■ RECORDS PROVIDED ■
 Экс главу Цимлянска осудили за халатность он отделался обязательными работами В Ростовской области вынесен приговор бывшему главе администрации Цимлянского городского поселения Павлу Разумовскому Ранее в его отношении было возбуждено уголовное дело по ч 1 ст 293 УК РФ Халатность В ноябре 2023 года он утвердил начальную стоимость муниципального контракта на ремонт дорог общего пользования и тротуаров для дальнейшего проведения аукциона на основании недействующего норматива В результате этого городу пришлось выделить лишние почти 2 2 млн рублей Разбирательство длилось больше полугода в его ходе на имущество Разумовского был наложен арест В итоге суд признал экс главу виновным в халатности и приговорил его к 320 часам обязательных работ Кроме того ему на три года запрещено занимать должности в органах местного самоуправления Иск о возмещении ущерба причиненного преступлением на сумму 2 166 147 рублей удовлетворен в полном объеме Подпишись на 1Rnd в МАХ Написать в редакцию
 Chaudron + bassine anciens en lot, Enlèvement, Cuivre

==

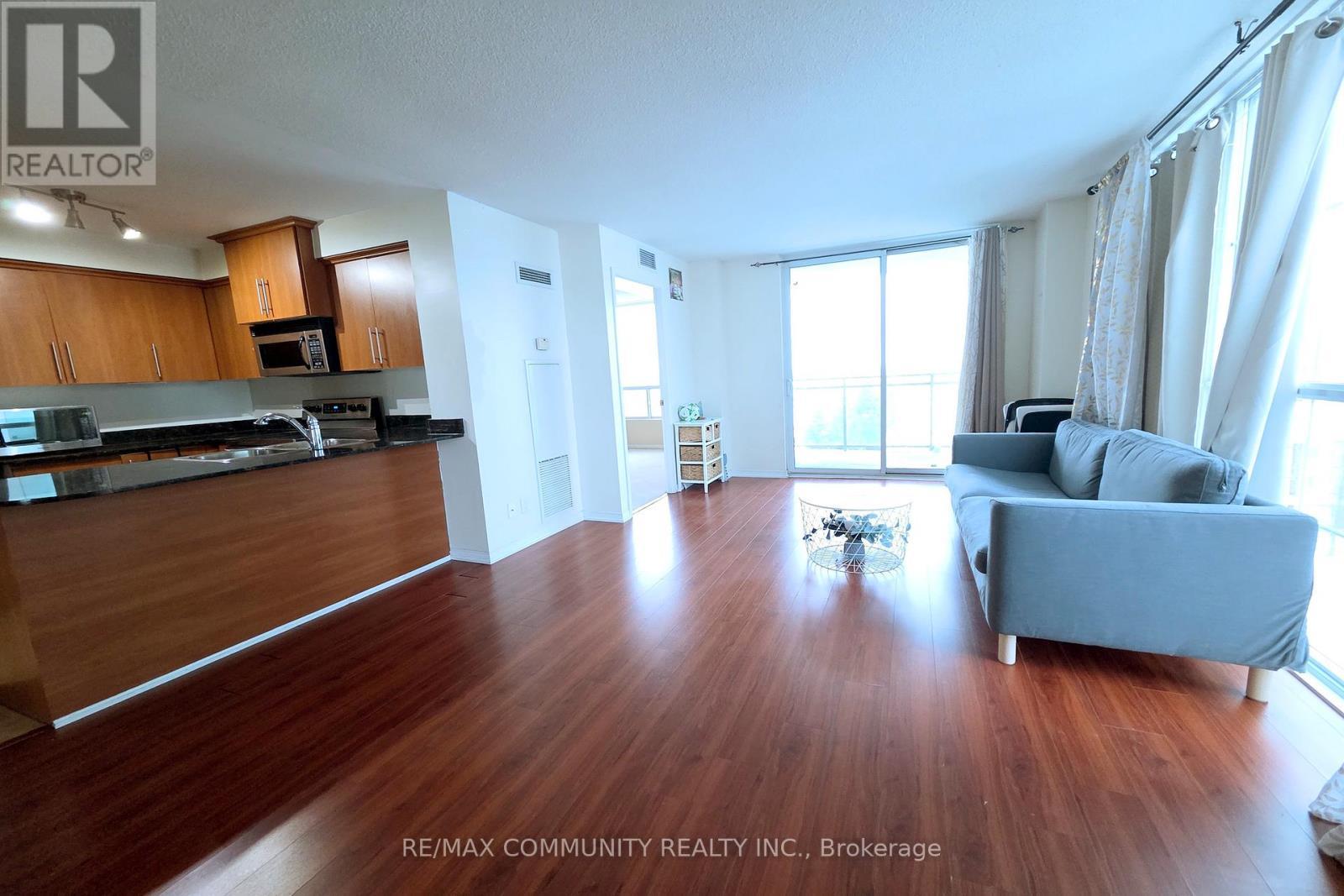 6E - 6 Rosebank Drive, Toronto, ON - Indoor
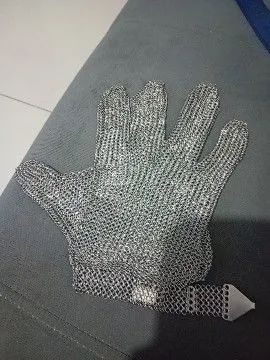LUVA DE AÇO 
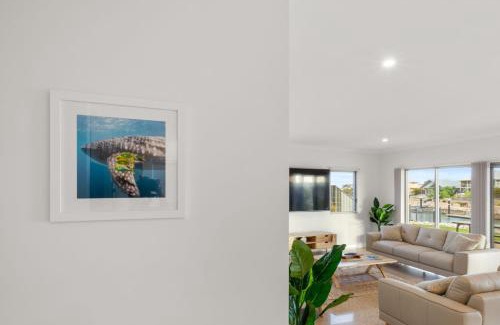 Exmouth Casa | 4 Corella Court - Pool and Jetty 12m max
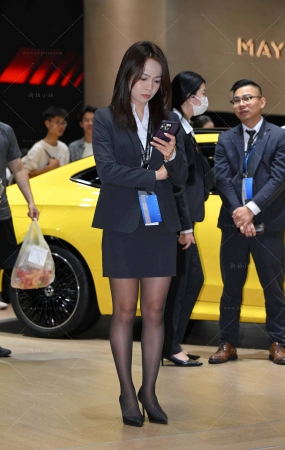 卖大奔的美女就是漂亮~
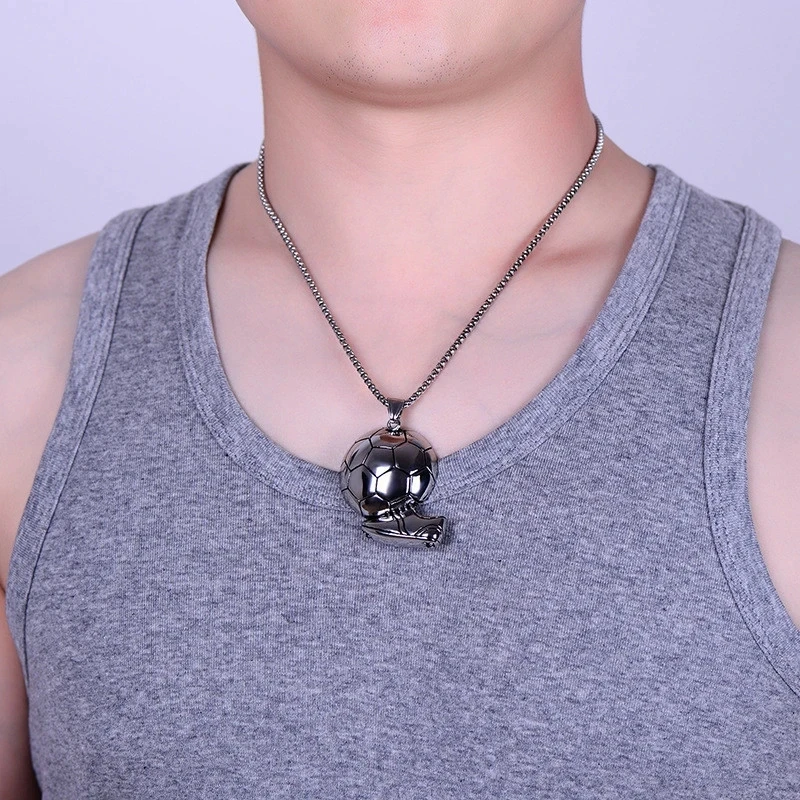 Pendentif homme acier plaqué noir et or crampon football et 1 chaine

■ HOW TO COMPLETE THIS TASK ■
Every line above from the line with "Экс главу Цимлянска" to the line with "Chaudron + bassine", both included, must be reproduced exactly, and no other line may appear.

■ WRITTEN REPLY ■
 Экс главу Цимлянска осудили за халатность он отделался обязательными работами В Ростовской области вынесен приговор бывшему главе администрации Цимлянского городского поселения Павлу Разумовскому Ранее в его отношении было возбуждено уголовное дело по ч 1 ст 293 УК РФ Халатность В ноябре 2023 года он утвердил начальную стоимость муниципального контракта на ремонт дорог общего пользования и тротуаров для дальнейшего проведения аукциона на основании недействующего норматива В результате этого городу пришлось выделить лишние почти 2 2 млн рублей Разбирательство длилось больше полугода в его ходе на имущество Разумовского был наложен арест В итоге суд признал экс главу виновным в халатности и приговорил его к 320 часам обязательных работ Кроме того ему на три года запрещено занимать должности в органах местного самоуправления Иск о возмещении ущерба причиненного преступлением на сумму 2 166 147 рублей удовлетворен в полном объеме Подпишись на 1Rnd в МАХ Написать в редакцию
 Chaudron + bassine anciens en lot, Enlèvement, Cuivre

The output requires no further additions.